Still, it's quite a line-up with the only place the former keeper didn't experience a change in management being Anfield.

Is that a lesson in itself, I wonder? Although he made only two first team appearances in several years with Burnley, there were, actually, four incumbents of the hot seat while he was on the playing staff - Hill, Alan Brown, Billy Dougall and Harry Potts.

The legendary Bill Shankly both signed and sold Furnell for Liverpool and he was off to Arsenal to work with Billy Wright and Bertie Mee.

At Plymouth, Ellis Stuttard, Tony Waiters, Mike Kelly and then Bob Saxton, who brought Furnell back North to Ewood in 1981, held the reins.

Saxton, Parkes, Don Mackay, Parkes, Kenny Dalglish, Ray Harford and now Parkes again complete the list of famous and not-so-famous.

Now Jim's wondering which name will be next to be added as the guessing game goes on.

Meanwhile, if any of the players or staff need some re-assurance as they try to soothe their nerves before Sunday's daunting return home against Liverpool, they could do worse than pop into his Brockhall office for five minutes.

"I know exactly what they have been going through and you feel for them when it seems nothing will go right," he explained.

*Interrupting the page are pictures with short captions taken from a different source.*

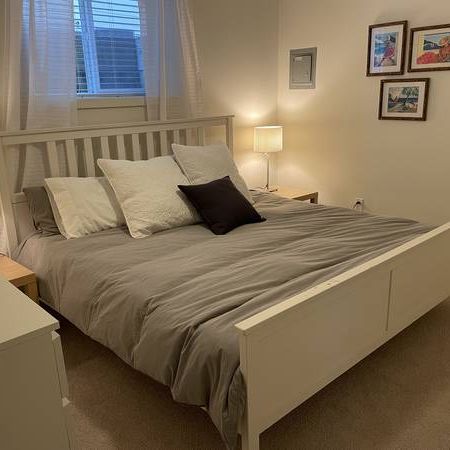 1 bedroom plus den fully furnished - Photo 1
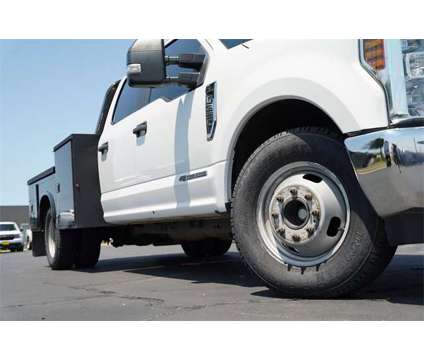 2019 Ford Super Duty F-350 DRW is a White 2019 Ford Car for Sale in Georgetown TX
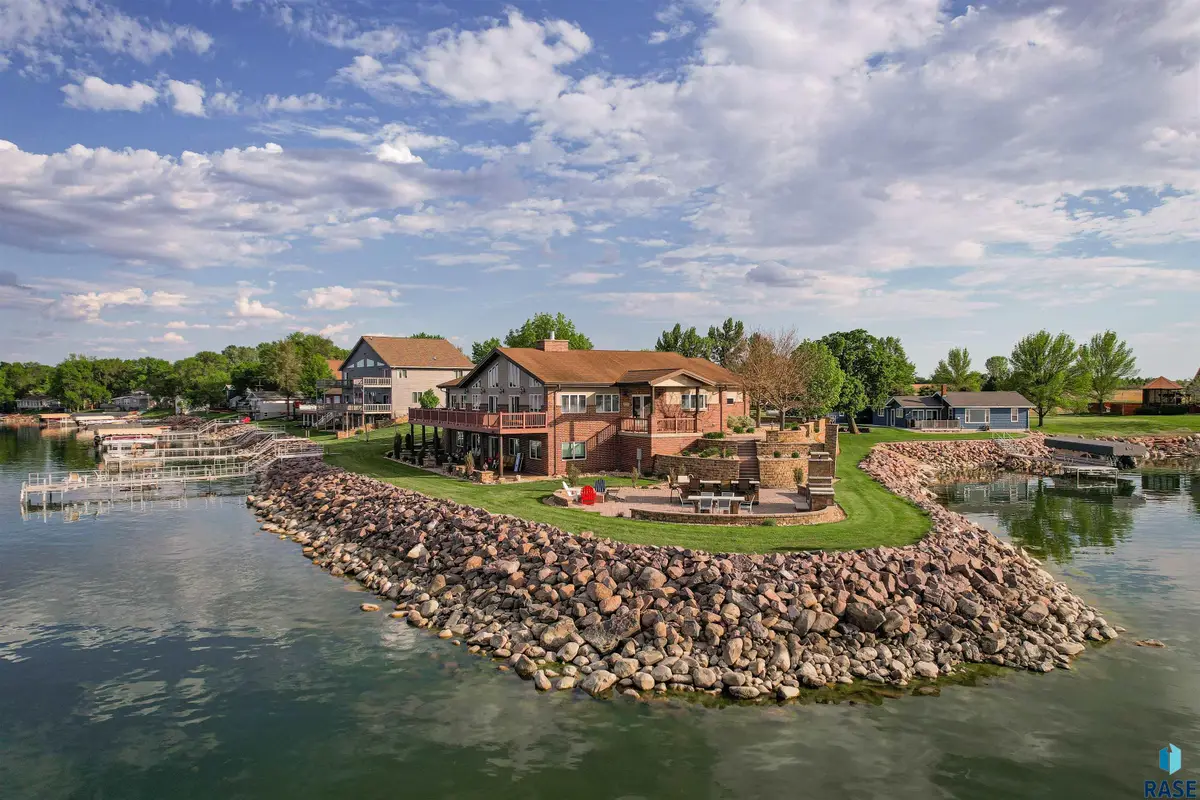 130 S Point Dr, Arlington, SD 57212 - #1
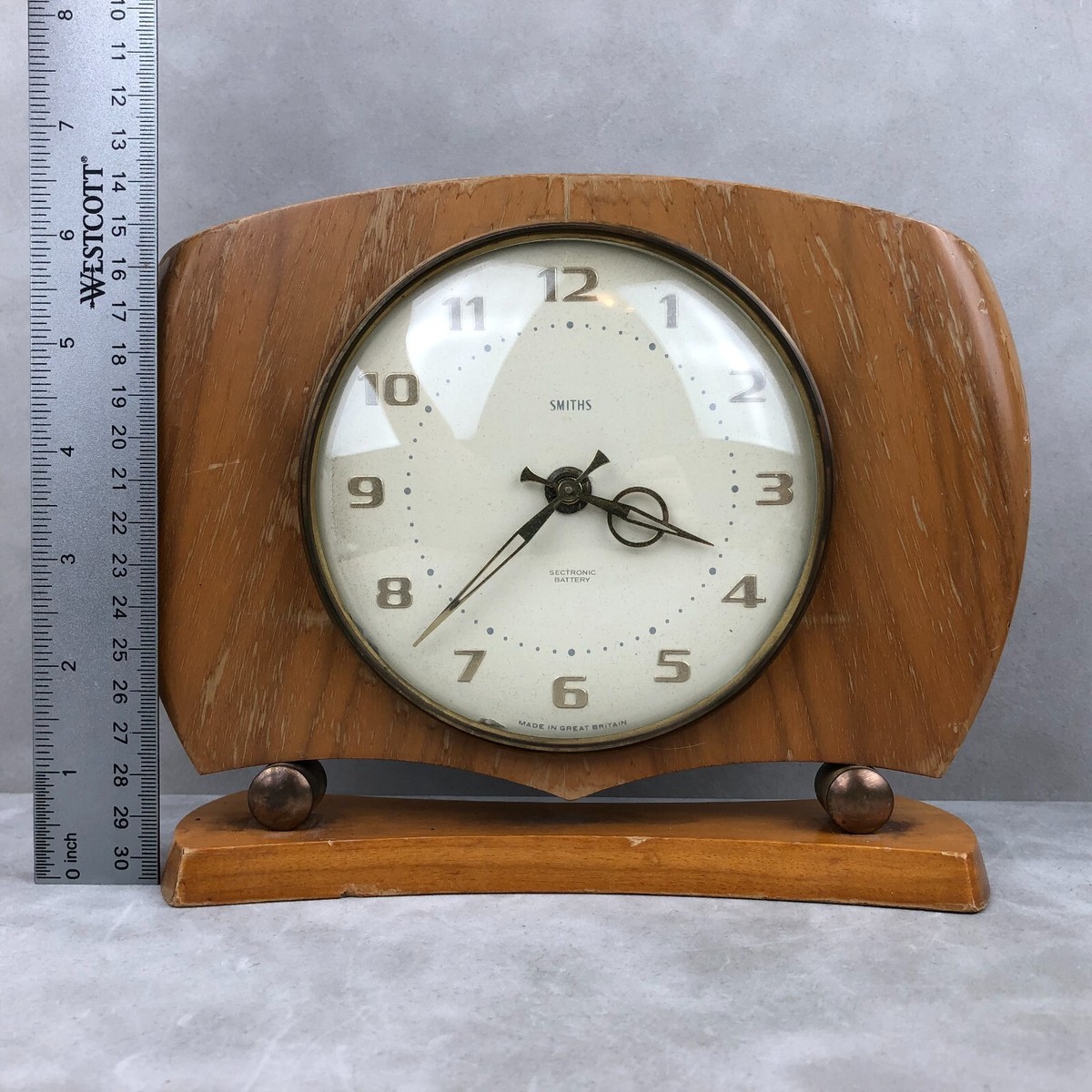 Vintage Smiths Great Britain Sectronic Battery Wood Desk Mantel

"The tension becomes so great that it certainly affects you. "We went through a similar spell when I was at Arsenal and we were struggling to score. You are so tense because you are terrified of making the one mistake that can be so costly."

Some of those mistakes cost Ray Harford his job last week.

For, with just a couple of wins on the board, he would probably still be in charge.

But changing the manager is something that comes naturally at football clubs.

Jim Furnell is still counting.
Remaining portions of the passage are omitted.